The first of the six existing Type 59 Sports racing cars – produced back in the 1930s – still exists today in near-original condition and is considered an invaluable surviving specimen of Bugatti’s successful racing history.
Scuffed leather seats and a steering wheel bearing the battle scars of racing drivers’ heroic efforts. Traces of hard duels and high-speed attrition can be seen on the paintwork. If this Bugatti Type 59 Sports could talk, it would have many a story to tell about its time being pushed to the limit around the world.
Victory is what defines the Type 59 Sports. This open-top two-seater was built in 1934 as a Type 59 Sports with a Type 57 chassis. A short time later, it received a special new chassis for the next series of Grand Prix races, where it would be driven by Bugatti’s courageous racing drivers.
Its racing history is fully documented – just like its famous owners and drivers are. René Dreyfus, top driver of the pre-war period and a hero of the French Resistance, took to the wheel in the mid-1930s, as did racing drivers Robert Benoist and Jean Pierre Wimille. One of the later owners of the sports car was King Leopold III of Belgium – an avid Bugatti fan himself.
Recently, the Type 59 Sports was awarded the prestigious FIVA Trophy for “Best Preserved Pre-War Car” at the world-famous Concorso d’Eleganza at Villa d’Este in Italy, in competition with some of the finest classic automobiles from fellow marques.
A True Thoroughbred
Bugatti presented the Type 59 Sports for the first time on September 24, 1933, at the San Sebastian Grand Prix. A marvel of engineering both powerful and delicate. Beneath its sleek and low lines, the supercharged inline eight-cylinder engine fit almost perfectly. The wheels with piano wire spokes minimized unsprung mass enormously, and, with new sophisticated shock absorbers, ensured balanced handling with an unusually high level of comfort for a racing car. The Type 59 Sports is as elegant as it is fast. It is proof of Ettore Bugatti’s constant striving for more performance and better driving characteristics.
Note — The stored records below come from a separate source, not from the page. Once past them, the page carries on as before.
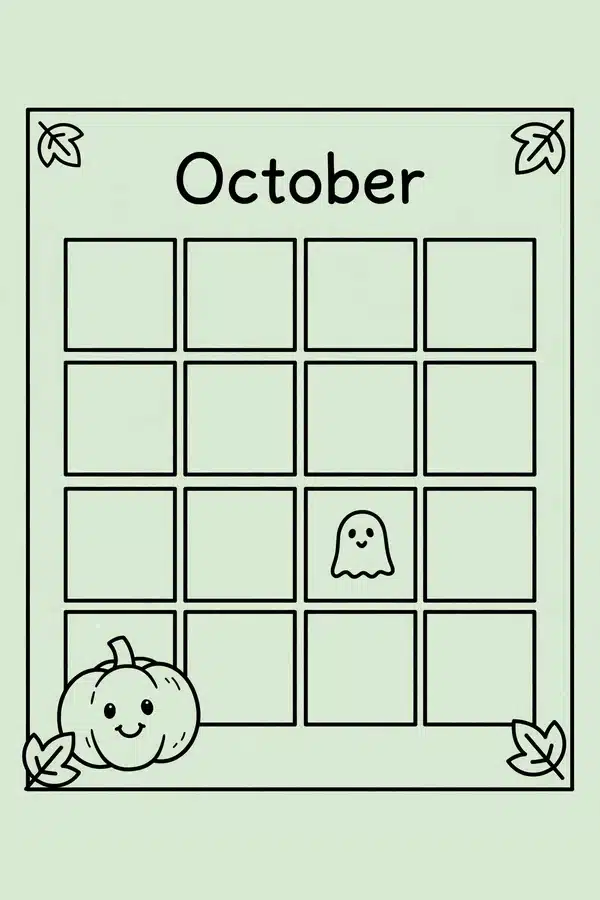 October Calendar Page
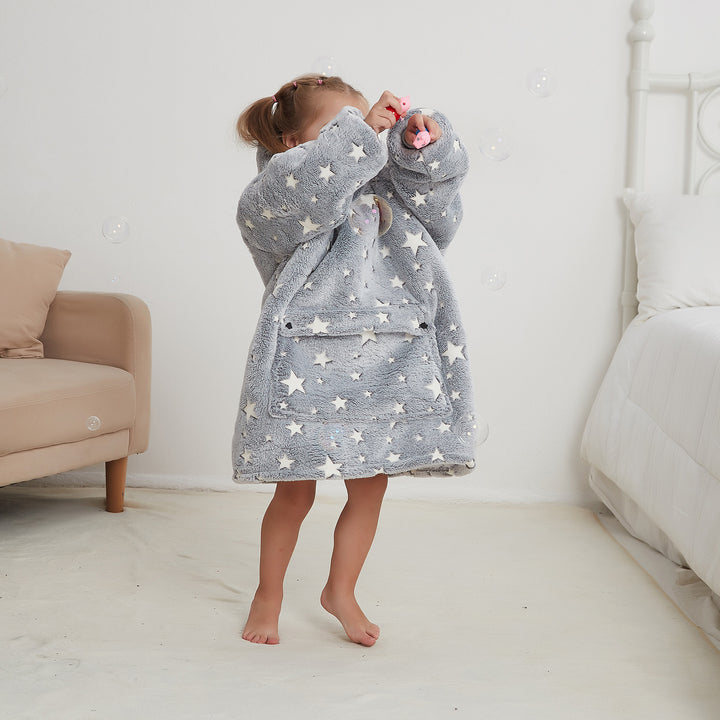 Customized Children Sweatshirt Wearable Luminous Oversized Sweater Sleeves Warm Sherpa Soft Flannel Hoodie Blankets for Kids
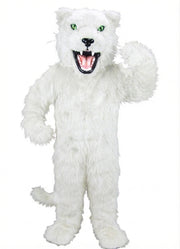 Fierce Black Panther Mascot - Long fur / White mascot costume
Bugatti first used this factory Type 59 Sports with a 3.3-liter, eight-cylinder engine (No. 5) in the 1934/1935 season. Driver René Dreyfus drove straight to third place at the Monaco Grand Prix in April 1934. Robert Benoist crossed the finish line in fourth place at the French Grand Prix in Montlhéry in July of the same year, and likewise a few weeks later at the Belgian Grand Prix in Spa-Francorchamps. At the Spanish Grand Prix in September, Jean-Pierre Wimille finished sixth. Ettore Bugatti – used to winning – retires from Grand Prix racing with the Type 59 Sports and sells four vehicles to British enthusiasts. One of them was transformed into a racing car by the company itself, in Molsheim. It is a first for Bugatti – until today. The Type 59 Sports remains the only Grand Prix car to be converted into a sports car at the factory and exists today in virtually unrestored original condition as a perfect witness to the period in which it thrived.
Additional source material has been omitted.